In functional testing, as important as finding a usage scenario that fails is to be able to replicate it. Replicating a failing usage scenario allows us to identify whether the application defect has been fixed. With that in mind, record and replay testing tools were developed. These tools can record a user’s usage scenario and then run the same scenario as many times as the tester wishes. We identified 14 record and replay tools, representing 18% of the total found tools.
Many failures occur when executing a bug code. Consequently, the higher code coverage in a usage scenario, the greater the chance of finding bugs. For this reason, some tools test applications to maximize the amount of code covered. Among the tools found in this systematic mapping, 6 of them are code coverage tools.
Among the identified Android testing tools, 45 of them are capable of generating test cases. Each of these implements its own generation algorithms. Thus, 24 different test strategies were identified in the 45 tools that generate test cases. The most commonly used strategies are presented in Table 6.
Table 6 Types of generation strategyModel-based testing (MBT) is an approach to generate test cases using a model of the application under test. In this strategy, (formal) models are used to describe the behavior of the application and, thus, generate test cases. Among the identified tools that generate test cases, we observed that 20 of them use the MBT strategy to generate their test cases. The application models mostly describe the behavior of the application under test by identifying GUI elements and changing activity based on these elements.
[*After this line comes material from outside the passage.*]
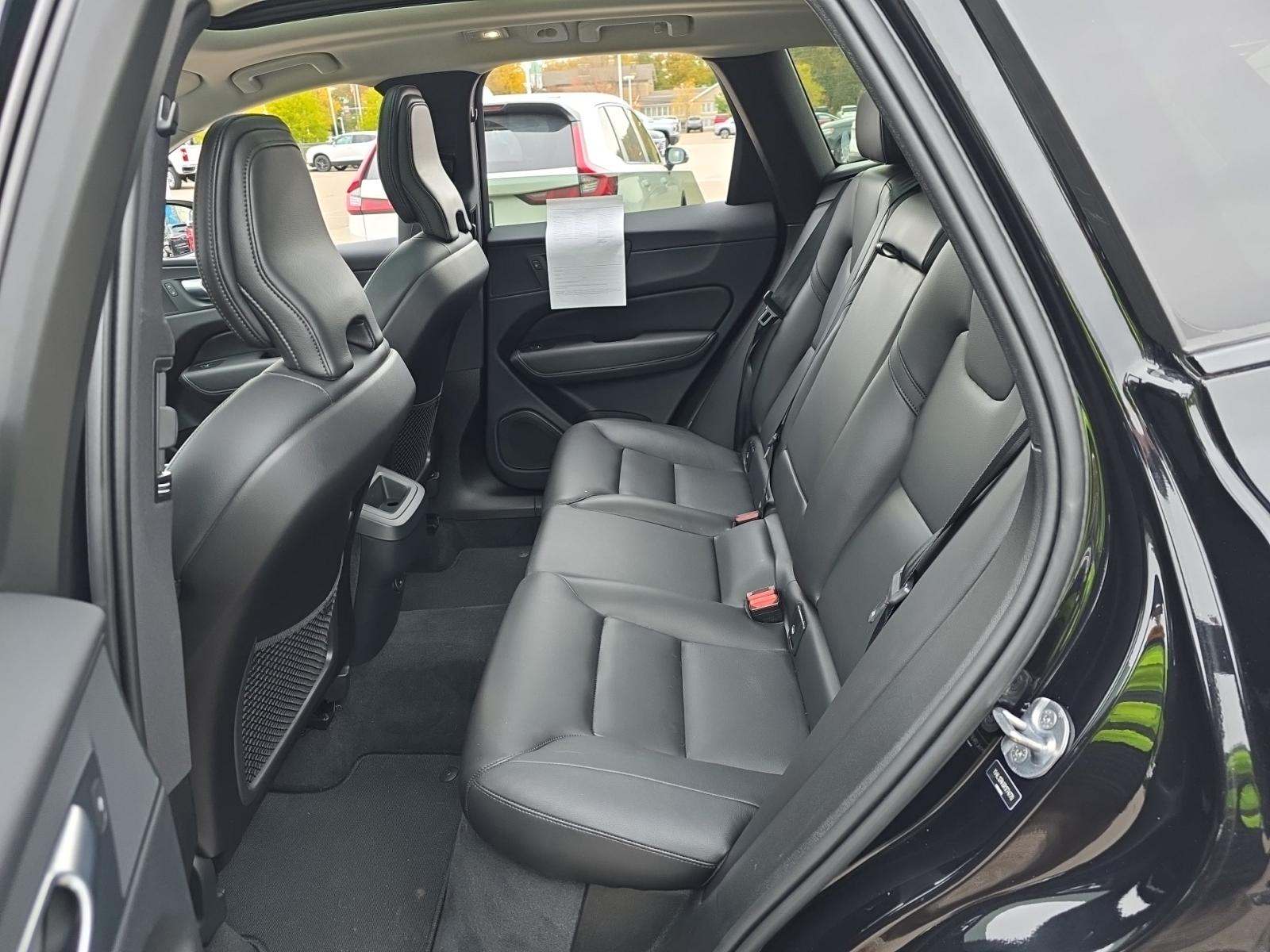 2024 Volvo XC60 B5 Core AWD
The second most commonly used generation strategy is the GUI ripping; it has found seven tools that implement this strategy. GUI ripping is a strategy that dynamically traverses an app’s GUI and, based on its GUI elements, creates its state-machine model or a tree graph.
The third most used strategy by the found tools was the random strategy. A total of six tools implements a random strategy. Although it is a less ingenious strategy than the others, some studies point out that it is a very efficient strategy to find crashes [6].
Regarding the remaining data acquired from the questions presented at the beginning of this section about the characteristics of the tools (use of sensor data, test case generation, test case execution, download availability, and testing approach), Table 7 summarizes how many tools have each of them.
Table 7 Number of tools that presents a given characteristicAmong the studies found by the systematic mapping, Bernardo et al. [45] present an investigation on 19 open-source mobile applications for Android in order to identify how automated tests are employed in practice. They concluded that 47% of these applications have some kind of automated tests, and they observed that the most used testing tools were JUnit, Android.Test, Hamcrest, Robolectric, EasyMock, Robotium, and Fest. Finally, Bernardo et al. observed that the most important challenges in testing Android applications such as rich GUIs, limited resources, and sensors have not been properly handled in the automated tests of the analyzed 19 open-source applications.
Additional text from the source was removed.